At the end of the film, we hear Elizabeth talk about her AIDS activism, which her agent Marion Rosenberg said she abandoned her film career to do. She talks about how she was driven to her activism after being filled with rage at the fact that despite gay men contributing so much to Hollywood — in fact, according to Taylor, there would be no Hollywood without them — no one was doing anything to help during the crisis that overwhelmingly affected them. It was then she told herself, like the great sage Hillel, “If I am not for myself, who will be for me? If I am only for myself, what am I? And if not now, when?” (In her own words, she summarized it: “Bitch, do something yourself.”) Taylor’s activism to help Americans suffering with AIDS was life-changing, truly exemplifying the Jewish value of tikkun olam, or repairing the world. In 2009, the world got to see how she did both her penance and changed the world when she had her former step-daughter Carrie Fisher present her with the GLAAD Vanguard Award (Fisher also wrote a TV film in which she shot a scene between her mother and Elizabeth Taylor).
The picture the documentary paints of Taylor is deeply human and charming. The film will not have much new to offer to fans of the Academy Award-winning actress except for how personal it gets, and how lovely it is to have her narrate the film in her own voice. It’s strange to think that she was just 32 years old when she was recorded in these tapes because of the breadth of experiences that it covers. It also touches on so many issues around celebrity culture that still feel pertinent today. There’s the creepy way Taylor went from quickly being a child star to a sex symbol, to the faults of celebrity tabloids and media creating a culture that decides to crown you or dethrone you at a moment’s notice. And then of course, there’s the relentlessness of the papparazi and the nosiness of fans, the way celebrities and their image live in our heads. When Meryman asks her if she longs to repair her image, so marred from her “breaking up” Eddie Fisher’s marriage, and then breaking up Burton’s marriage and her own to marry him in 1964, Taylor responds, “I gave up a long time ago… people already have a set image. They want to believe either the good or the bad and if you try to explain, then you lose yourself along the way.”
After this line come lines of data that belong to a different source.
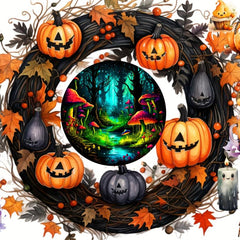 Halloween Mushroom Forest Stained Window Hanging Decor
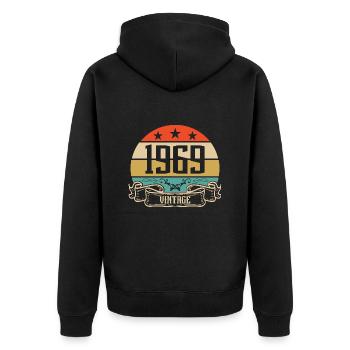 1969 Vintage Geburtstag Retro Classic - Unisex Premium Bio Zip Hoodie - Schwarz - Hinten - Nico (187cm)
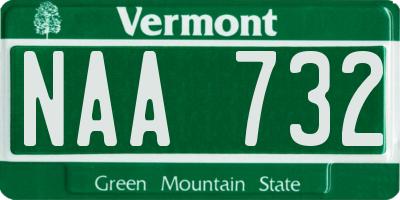 VT license plate NAA732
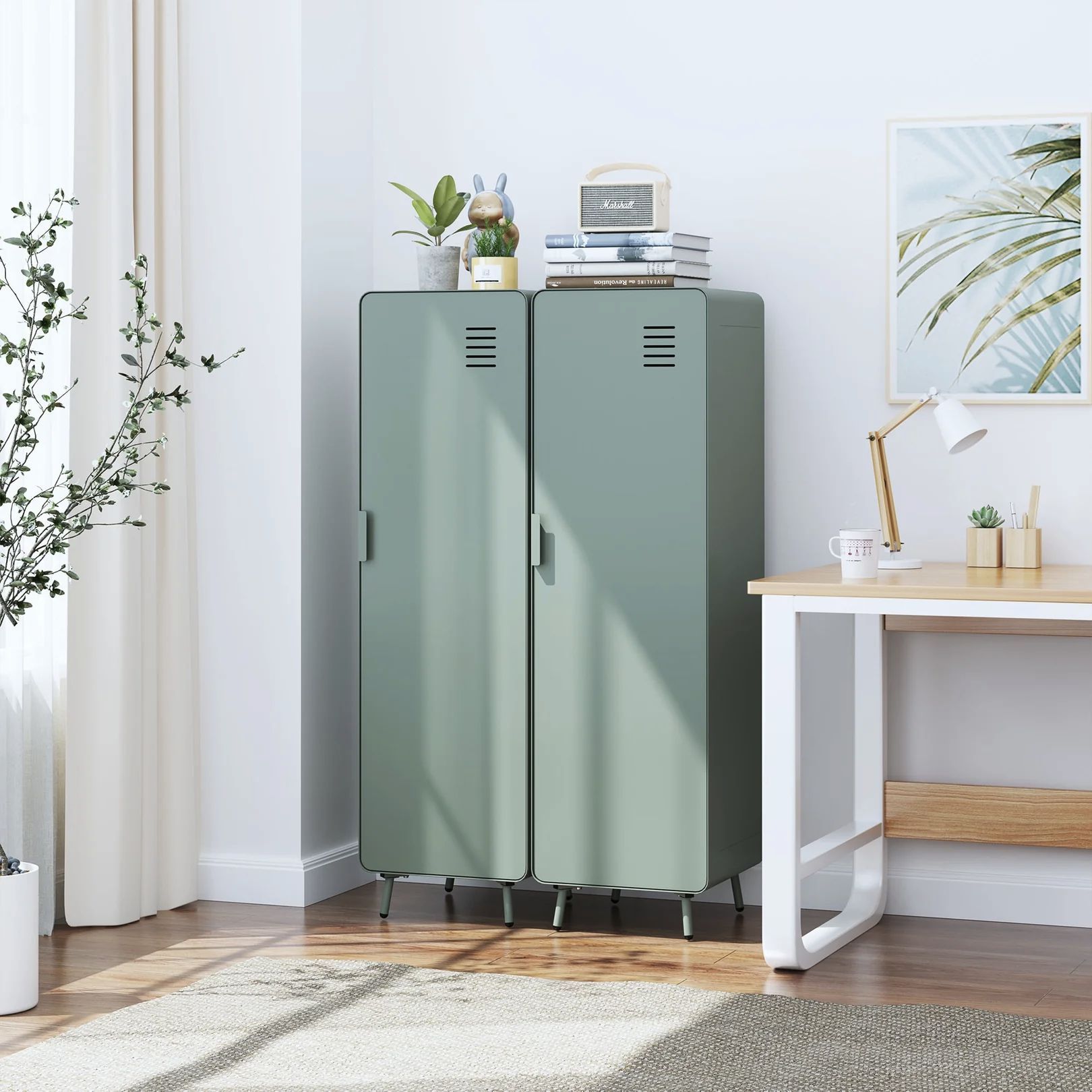 Homy Casa · Steel Locker Cabinet with Ventilated Doors · Slim Vertical Storage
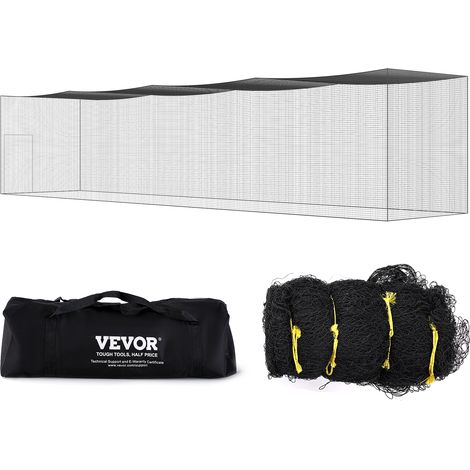 VEVOR Jaula de bateo de beisbol de 17,4 m, red de entrenamiento de bateo de softbol profesional, jaula de lanzamiento portátil con puerta y bolsa de transporte, red de PE cerrada resistente (1/5)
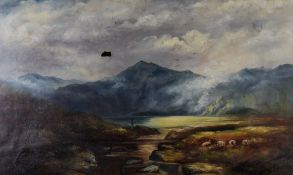 NINETEENTH CENTURY WELSH SCHOOL oil on canvas - North Wales landscape with fisherman entitled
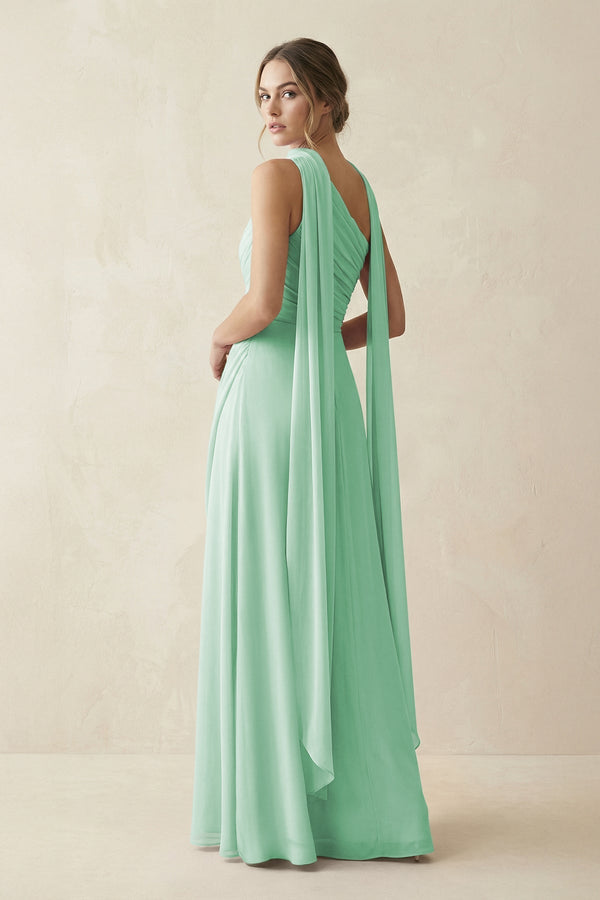 One - Shoulder Sheath Chiffon Bridesmaid Dress with Ribbon in Pale Pistachio - KissProm Bridesmaid Dresses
Yet perhaps what I loved most about this film is how Taylor, a woman who accomplished so much in her life on top of being a renowned actress — becoming a shrewd businesswoman and a relentless activist — was also constantly searching and finding herself anew. When she passed away in 2011, Carrie Fisher wanted her to be remembered for her vitality, saying that her father, who died that same year, had always loved Taylor, and that she was “this tremendous source of vitality.”
“Elizabeth Taylor: The Lost Tapes” paints the portrait of a funny, snarky and terribly honest and introspective woman behind some of the greatest Hollywood roles and films in its history, from “Who’s Afraid of Virginia Woolf” to “Cleopatra” to “Suddenly, Last Summer” and “Butterfield 8.” We get an intimate look at what the actress was feeling and going through as she shot many of these great films, and of the truth behind the big tabloid stories. We also get a glimpse of the kind of mother she was — very respectful of her children’s emotions and privacy. There’s something so magical about getting to spend almost two hour feeling like you’re in intimate conversation with Elizabeth Taylor, and the documentary is worth watching if only for that.